No será esta la última historia criminal y sangrienta, y en verdad lo digo sin ánimo de augurio sino como evidencia de que estamos bordeando el límite del colapso social y del cinismo. Como diría un castizo, se han pasado muchos pueblos. Mientras hombres como Blesa o ese patán de Castellón con gafas negras, padrino de todo lo que toca, estén libres, habrá una ciudadanía consciente que lo considerará un delito social quizá no inscrito en las leyes que redactaron los abogados de Blesa, o sus socios, pero que está ahí, clamando al cielo. Y el cielo social desde 1789 no existe. Estamos abocados a la violencia porque la paz social se ha vuelto una estafa que sólo beneficia a los delincuentes de honor y a sus abogados de élite.
Detengámonos un momento en la foto fija de estas elecciones al Parlamento Europeo. ¿Qué es un parlamentario europeo? Pues un caballero o una dama que seguirán estrictamente las órdenes de sus grupos partidarios: conservadores, socialdemócratas o lo que sea. ¿A usted se le ha ocurrido alguna vez tener la posibilidad de nombrar consejeros bancarios o directivos de grandes empresas?

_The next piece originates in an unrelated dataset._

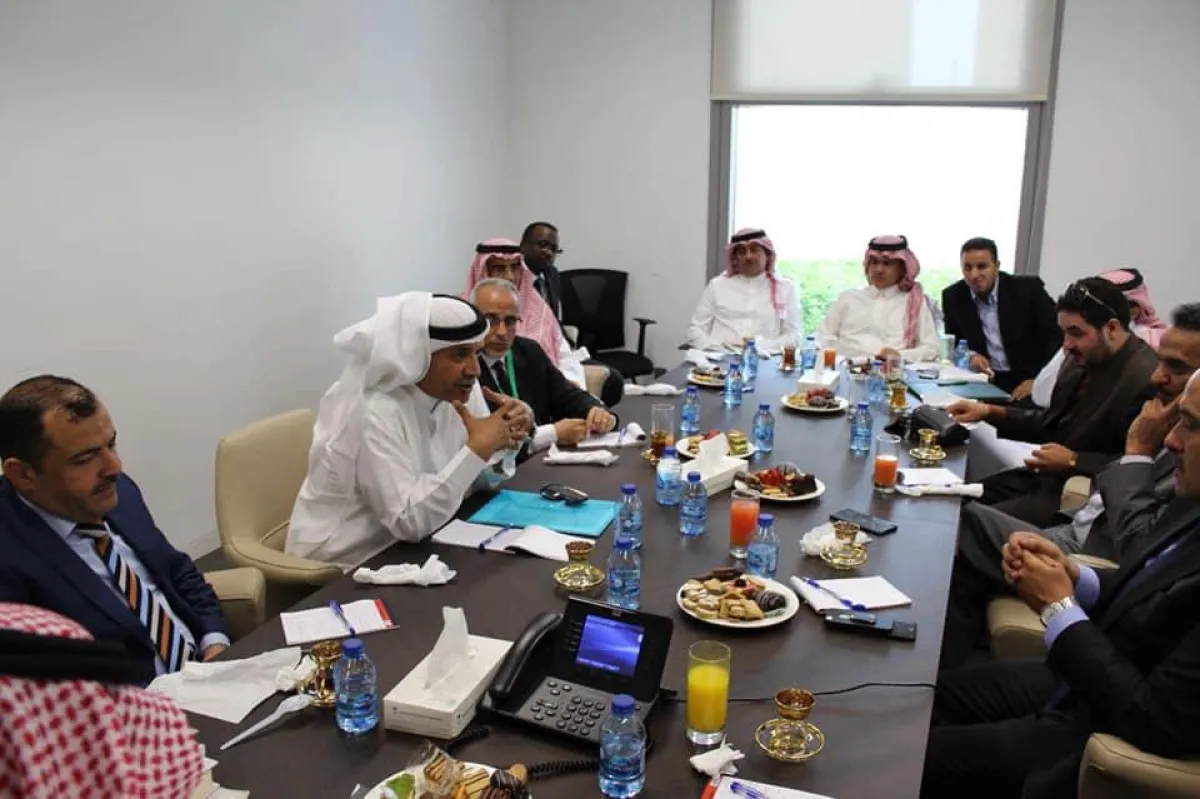 أثناء ورشة العمل في السفارة السعودية.jpg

Pues si lo desea aquí tiene usted la posibilidad de transformarse por un día de siervo en Gran Elector y con su voto poder ayudar a que alguien gane 8.000 euros brutos al mes, más 4.300 para gastos, sumados a 4.250 de transporte. A esta regalía de ejecutivo alto standing deberá añadir 304 euros por día de trabajo —se entiende que el resto es para pensar en casa—, y 125 por cada reunión que tenga fuera de las dependencias de la Unión Europea. Es obvio que los gastos de alojamiento en hotel o apartamento corren por cuenta de la institución, y que tiene derecho, como mínimo, a un ayudante pagado. ¿Le parece a usted bien? Pues vótelos, es su derecho, pero luego no se queje. Elegirá a los 54 parlamentarios españoles sobre un conjunto de 751 compadres europeos.

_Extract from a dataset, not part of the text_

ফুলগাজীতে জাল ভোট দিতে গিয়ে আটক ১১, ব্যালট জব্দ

Siempre se consideró el Parlamento Europeo como una reserva de lujo para elefantes de la política. Con una trompa que lo succiona todo y que responde perfectamente a las leyes de la selva. La vida en la Europa más civilizada —Bruselas, Estrasburgo— es cara por más que tú no pagues nada y los viajes desgasten mucho la salud, aunque sea en business.
Pero esa es la superficie, luego está el fondo. Nunca hasta ahora nos hemos preguntado si la Unión Europea podía ser un buen invento hasta que se convirtió en controlador de nuestra vida; ahora toca sufrir, porque aseguran que nos gastamos más de lo que producimos. Nosotros, no los banqueros. Cuando algo se convierte en un flagelo para los ciudadanos de media Europa, a uno le cabe preguntar por qué las quiebras bancarias o industriales las avalan desde Bruselas con absoluto desprecio no sólo a la ciudadanía sino a la decencia. Al tiempo que Grecia, España, Portugal, Irlanda, Italia y la desvergonzada amenaza actual sobre Francia pueden hacerse sin que los parlamentarios de sus respectivos países arriesguen algo, sus cargos por ejemplo, y se mantenga esa desvergonzada impostura de “es mejor estar que aislarnos”. ¡Pero tú sigues cobrando, cabrón, y la mayoría de los ciudadanos pasan a la ruina!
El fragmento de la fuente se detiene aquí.